Vorschlag für Neuregelung Neuer Reisepass, neuer Organspender?
In der Diskussion um Organspenden gibt es einen neuen Vorschlag: Wer künftig einen neuen Personalausweis oder Reisepass braucht, soll auch zwischen einem Ja, Nein oder Vielleicht als Spender entscheiden.
Im kommenden Jahr sollen die Regelungen zur Organspende in Deutschland reformiert werden. Doch noch ist unklar, wie die Entscheidung für oder gegen die Spendenbereitschaft künftig getroffen werden soll. Bundestagsabgeordnete aus allen Parteien bis auf die AfD haben nun ein Eckpunktekonzept beim Bundesgesundheitsministerium eingereicht. Sie schlagen vor, dass sich in Zukunft jeder, der einen neuen Ausweis oder Pass beantragt, auch mit dem Thema Organspende auseinandersetzen soll.

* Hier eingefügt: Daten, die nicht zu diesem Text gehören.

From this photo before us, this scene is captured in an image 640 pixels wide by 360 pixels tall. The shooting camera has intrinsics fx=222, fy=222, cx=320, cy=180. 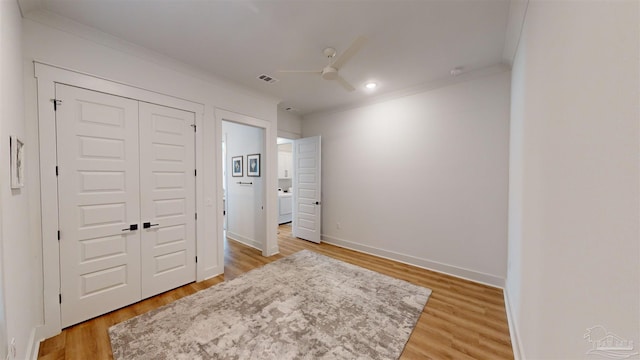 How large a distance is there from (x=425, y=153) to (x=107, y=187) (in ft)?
13.4

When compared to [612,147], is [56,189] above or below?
below

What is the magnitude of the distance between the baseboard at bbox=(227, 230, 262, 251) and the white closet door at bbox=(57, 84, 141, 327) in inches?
79.7

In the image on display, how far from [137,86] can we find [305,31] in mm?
1975

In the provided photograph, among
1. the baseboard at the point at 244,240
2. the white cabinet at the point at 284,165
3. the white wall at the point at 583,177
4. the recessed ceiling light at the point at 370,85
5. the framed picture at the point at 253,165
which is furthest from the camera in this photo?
the white cabinet at the point at 284,165

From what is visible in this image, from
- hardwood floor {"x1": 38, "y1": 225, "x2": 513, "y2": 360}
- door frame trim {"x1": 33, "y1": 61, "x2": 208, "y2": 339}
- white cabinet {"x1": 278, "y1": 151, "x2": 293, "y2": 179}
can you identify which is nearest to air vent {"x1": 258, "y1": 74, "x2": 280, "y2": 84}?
door frame trim {"x1": 33, "y1": 61, "x2": 208, "y2": 339}

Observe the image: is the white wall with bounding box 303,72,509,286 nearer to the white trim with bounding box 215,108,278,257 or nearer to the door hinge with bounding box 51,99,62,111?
the white trim with bounding box 215,108,278,257

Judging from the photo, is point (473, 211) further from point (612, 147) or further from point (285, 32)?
point (285, 32)

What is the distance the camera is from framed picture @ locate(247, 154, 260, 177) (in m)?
4.19

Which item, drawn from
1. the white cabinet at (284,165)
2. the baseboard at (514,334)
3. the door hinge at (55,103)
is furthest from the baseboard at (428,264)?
the door hinge at (55,103)

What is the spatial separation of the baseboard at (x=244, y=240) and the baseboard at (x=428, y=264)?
154cm

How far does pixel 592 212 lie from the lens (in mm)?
740

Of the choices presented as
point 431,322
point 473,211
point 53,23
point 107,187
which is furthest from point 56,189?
point 473,211

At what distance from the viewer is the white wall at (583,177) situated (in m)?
0.57

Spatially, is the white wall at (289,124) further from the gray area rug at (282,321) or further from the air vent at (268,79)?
the gray area rug at (282,321) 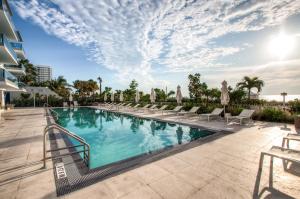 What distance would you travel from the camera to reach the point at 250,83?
19.1 m

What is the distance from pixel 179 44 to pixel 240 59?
5172mm

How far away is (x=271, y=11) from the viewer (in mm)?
7293

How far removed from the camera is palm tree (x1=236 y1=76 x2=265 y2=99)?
19047mm

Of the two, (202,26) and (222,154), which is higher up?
(202,26)

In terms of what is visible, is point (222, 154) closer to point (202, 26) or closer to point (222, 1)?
point (222, 1)

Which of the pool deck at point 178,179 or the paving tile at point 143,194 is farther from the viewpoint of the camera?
the pool deck at point 178,179

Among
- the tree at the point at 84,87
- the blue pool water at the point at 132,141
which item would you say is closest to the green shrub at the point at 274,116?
the blue pool water at the point at 132,141

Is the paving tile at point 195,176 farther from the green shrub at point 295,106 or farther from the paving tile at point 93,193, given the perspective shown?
the green shrub at point 295,106

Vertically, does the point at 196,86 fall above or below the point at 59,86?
below

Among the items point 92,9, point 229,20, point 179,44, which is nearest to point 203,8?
point 229,20

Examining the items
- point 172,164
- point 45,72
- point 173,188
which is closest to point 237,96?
point 172,164

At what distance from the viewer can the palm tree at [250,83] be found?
1905 centimetres

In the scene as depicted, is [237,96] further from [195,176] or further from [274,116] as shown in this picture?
[195,176]

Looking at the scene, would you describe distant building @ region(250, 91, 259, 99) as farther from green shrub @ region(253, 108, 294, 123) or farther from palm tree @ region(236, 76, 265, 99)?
green shrub @ region(253, 108, 294, 123) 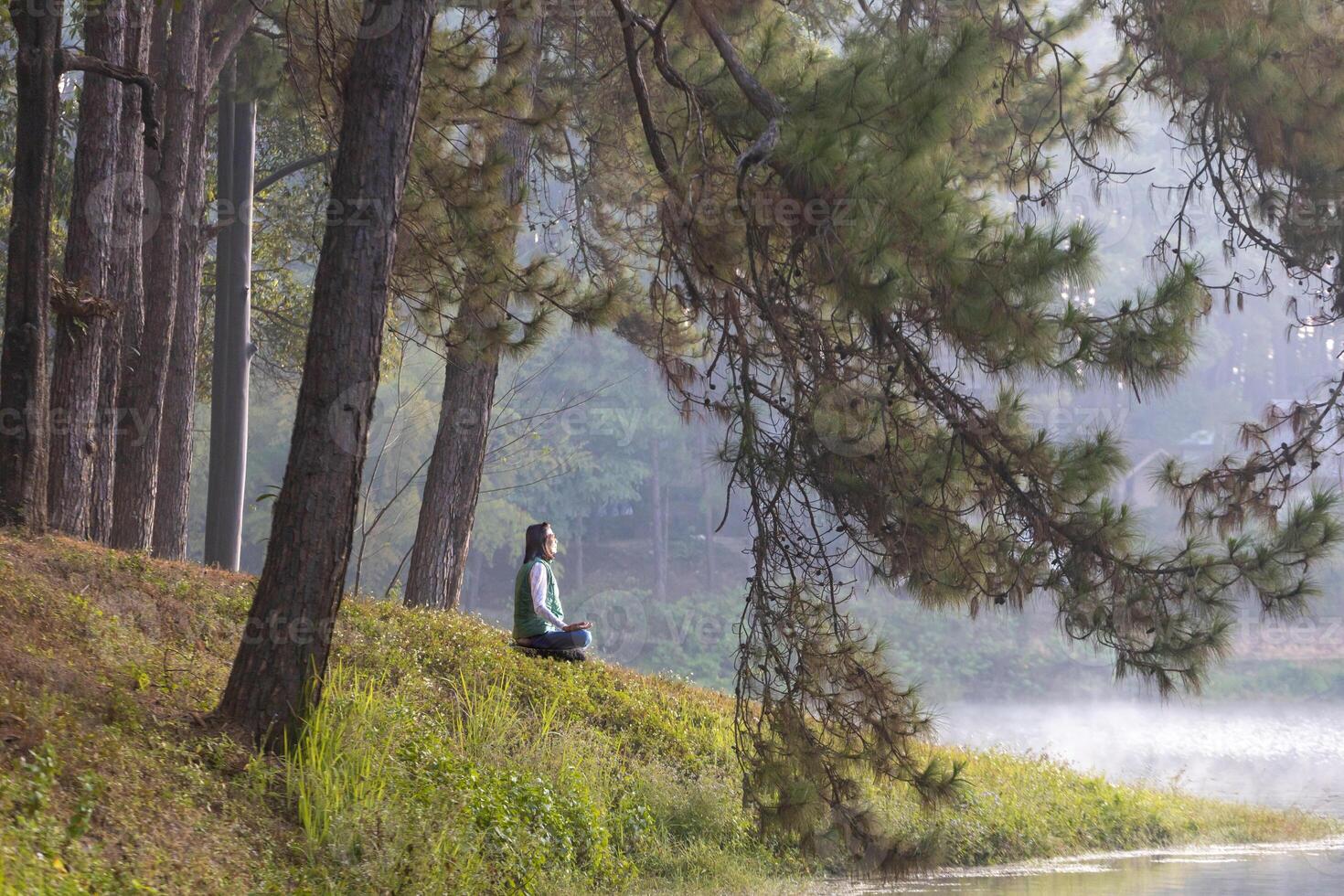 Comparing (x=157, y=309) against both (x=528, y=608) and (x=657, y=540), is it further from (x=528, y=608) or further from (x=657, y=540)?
(x=657, y=540)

Erst informieren, dann entscheiden
Der Reformvorschlag sieht zusammengefasst folgendes vor: Braucht man einen neuen Personalausweis oder Reisepass, dann kann sich jeder bereits ausführlich über das Thema Organspende informieren, wenn er die Papiere beantragt. Die Informationen soll man von der Bundeszentrale für gesundheitliche Aufklärung erhalten, per telefonischer oder persönlicher Beratung. Auch Ärzte sollen die Informationsgespräche anbieten können.
Wenn man dann den neuen Ausweis beziehungsweise Pass abholt, kann man an einem Gerät eingeben, ob man zur Spende bereit ist und welche Organe gespendet werden sollen, oder man überträgt das Entscheidungsrecht an einen Angehörigen. Als dritte Variante soll man die Entscheidung auch verschieben können. Alle Daten werden dann an das zentrale Organspenderegister übertragen. Zu diesem soll man einen eigenen Zugang mit persönlicher PIN-Nummer erhalten, sodass man seine Entscheidung jederzeit ändern oder nachholen kann. Der Zugang bleibt zehn Jahre gültig - bis ein neuer Ausweis fällig ist.

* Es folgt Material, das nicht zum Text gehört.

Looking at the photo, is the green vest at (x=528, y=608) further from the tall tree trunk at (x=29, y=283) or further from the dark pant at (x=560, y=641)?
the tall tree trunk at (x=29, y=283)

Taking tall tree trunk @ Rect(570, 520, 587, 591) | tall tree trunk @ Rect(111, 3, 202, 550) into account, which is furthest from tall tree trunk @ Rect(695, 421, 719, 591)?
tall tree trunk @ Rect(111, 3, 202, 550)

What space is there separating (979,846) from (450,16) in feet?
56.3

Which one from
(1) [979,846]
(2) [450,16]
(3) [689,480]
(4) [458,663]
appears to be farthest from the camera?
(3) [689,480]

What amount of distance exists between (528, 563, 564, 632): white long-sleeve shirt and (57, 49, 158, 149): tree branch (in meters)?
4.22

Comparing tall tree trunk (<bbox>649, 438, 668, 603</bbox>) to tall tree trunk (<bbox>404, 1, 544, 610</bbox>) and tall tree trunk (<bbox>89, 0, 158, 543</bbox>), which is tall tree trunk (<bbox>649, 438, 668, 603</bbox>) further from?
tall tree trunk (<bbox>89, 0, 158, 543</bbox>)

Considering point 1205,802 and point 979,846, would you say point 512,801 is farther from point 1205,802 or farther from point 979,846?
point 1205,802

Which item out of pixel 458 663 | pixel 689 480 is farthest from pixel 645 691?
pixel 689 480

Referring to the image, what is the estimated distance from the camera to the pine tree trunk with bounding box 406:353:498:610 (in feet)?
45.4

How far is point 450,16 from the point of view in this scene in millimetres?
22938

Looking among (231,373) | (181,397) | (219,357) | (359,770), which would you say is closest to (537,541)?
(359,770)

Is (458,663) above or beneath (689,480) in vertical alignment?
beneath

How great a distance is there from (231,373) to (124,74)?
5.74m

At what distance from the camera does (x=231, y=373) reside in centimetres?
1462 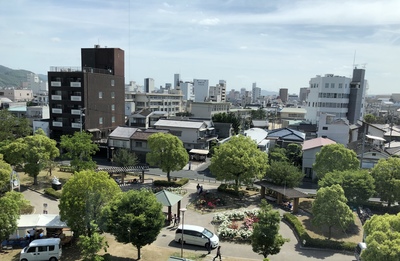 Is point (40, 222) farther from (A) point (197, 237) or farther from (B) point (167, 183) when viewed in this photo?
(B) point (167, 183)

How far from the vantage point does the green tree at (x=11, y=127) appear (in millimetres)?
43175

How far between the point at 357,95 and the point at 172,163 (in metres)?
54.3

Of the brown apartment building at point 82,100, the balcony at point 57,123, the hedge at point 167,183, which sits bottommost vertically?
the hedge at point 167,183

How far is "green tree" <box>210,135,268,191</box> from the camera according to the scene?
29172mm

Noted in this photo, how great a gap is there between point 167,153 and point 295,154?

Widerspruch gegen Widerspruchslösung
Über das Thema Organspende wird bereits seit Monaten debattiert. Die nun erarbeiteten Eckpunkte basieren vor allem auf der Initiative von Grünen-Chefin Annalena Baerbock und CSU-Politiker Stephan Pilsinger. Baerbock betonte im Interview mit der Nachrichtenagentur dpa, dass diese Form der Entscheidung einen "leichten, rechtssicheren und schnellen" Weg für Ärzte schaffen würde, zu erfragen, ob jemand als Organspender infrage käme.
Derzeit gilt nur derjenige als Organspender, der sich explizit dazu bereit erklärt hat. Bundesgesundheitsminister Jens Spahn hatte Anfang September im Bundestag eine sogenannte doppelte Widerspruchslösung vorgeschlagen. Das aktuelle System würde damit quasi umgedreht: Jeder würde als Organspender gelten, außer er widerspricht.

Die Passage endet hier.